Over the years I have fairly regularly gotten requests from people to explain my approach to using Anki for mathematics. This article therefore hopes to detail some of the tips I've arrived at after over 5 years and 1500 cards of study.

Before starting however, a few caveats.

The first is that of course these are only the tips I've found that work for me – your needs may be different. For that reason the most important meta-tip I would suggest is that you just experiment and see what approaches you like. I like to think of Anki like learning an instrument or training a muscle. Practice and building familiarity will go a very long way.

The second thing to mention is the distinction between the memorisation part of maths and the problem-solving part. Anki is a tool designed for memorisation, so it is mainly suited to that part of mathematical study. You *can* train problem-solving with Anki as well (and I include some tips on that below), but I wouldn't recommend doing so unless or until you're quite familiar with using Anki the intended way.

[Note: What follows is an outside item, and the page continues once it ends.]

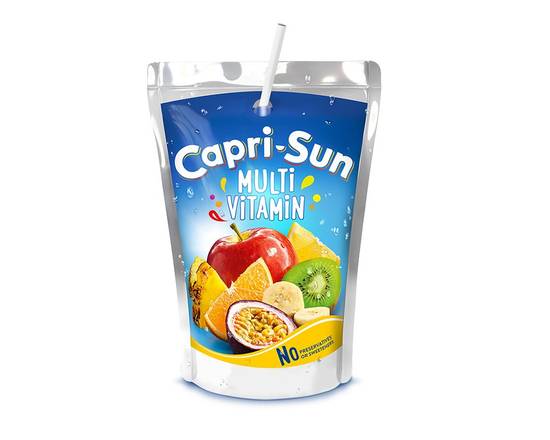 Capri Sun Multivitaminé 20 cl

And finally, as you might tell from the fact that these tips exist in the first place, even the rote part of mathematics isn't the easiest possible to topic to put into Anki. So if you're completely new to Anki I might gently encourage you to try other subjects first (or at least alongside maths) to get a feel for the program. (Classic choices include geography and languages.)

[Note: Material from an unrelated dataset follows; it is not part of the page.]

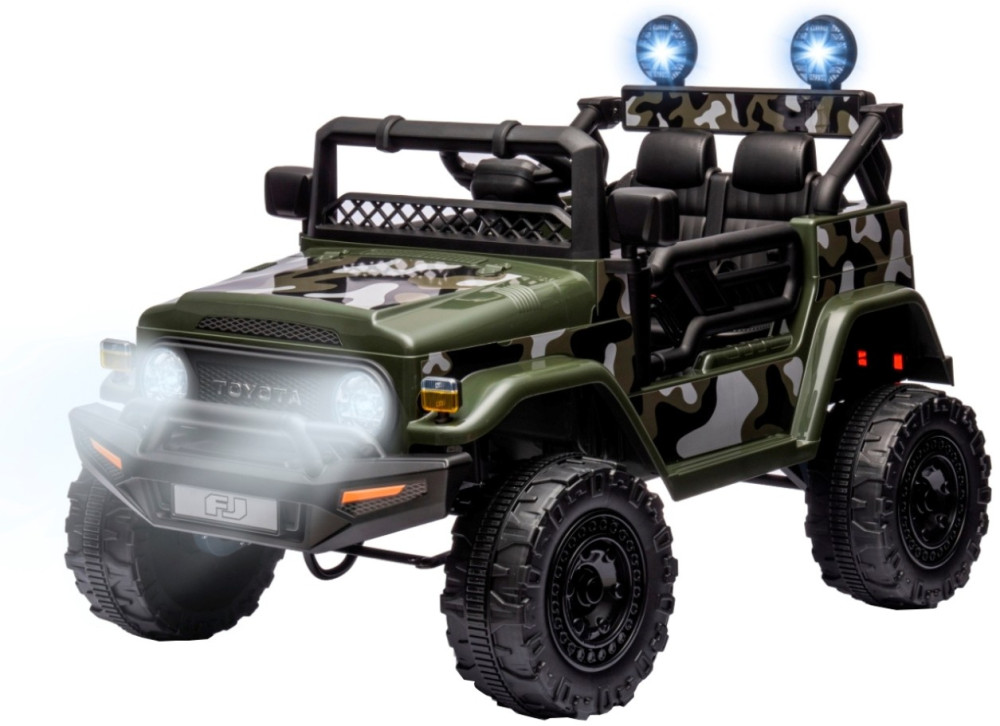 Электромобиль Milly Mally Toyota FJ Cruiser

- Learn how to use LaTeX in Anki with MathJax. This used to be a lot more painful but these days you can simply press the "fx" button in the card editing UI, once you've learned how LaTeX syntax works. If you're going to be writing a lot of maths then learning LaTeX syntax is a must – you will thank me later. The resulting text is quick to write, looks great at any zoom level, doesn't take up much memory, and can be searched through using the normal search bar.
- Use cloze deletion wherever possible. (In fact I use cloze deletion on literally all of my maths cards.) This is another reason MathJax is essential: it allows you to put clozes inside formulae. You can write e.g. "sin
^{2}(x) + cos^{2}(x) = {{c1::1}}" and it will work like you expect. - Definitions in mathematics are always equivalence statements, so use clozes to make them bi-directional. For example: "A binary operation, *, is called {{c2::commutative}} if {{c1::for every a, b in its domain we have a * b = b * a}}." The same goes for theorem statements when those theorems have an established name.
- Where appropriate, have cards that ask you what symbols stand for. For example: "Let X, Y be sets. {{c2::f : X → Y}} denotes {{c1::that f is a function from X to Y}}."
- Organise topics using tags rather than decks, since much of the time a card will be relevant to more than one topic. E.g. there's a big overlap between cards which are "Group theory" and ones which are "Algebra".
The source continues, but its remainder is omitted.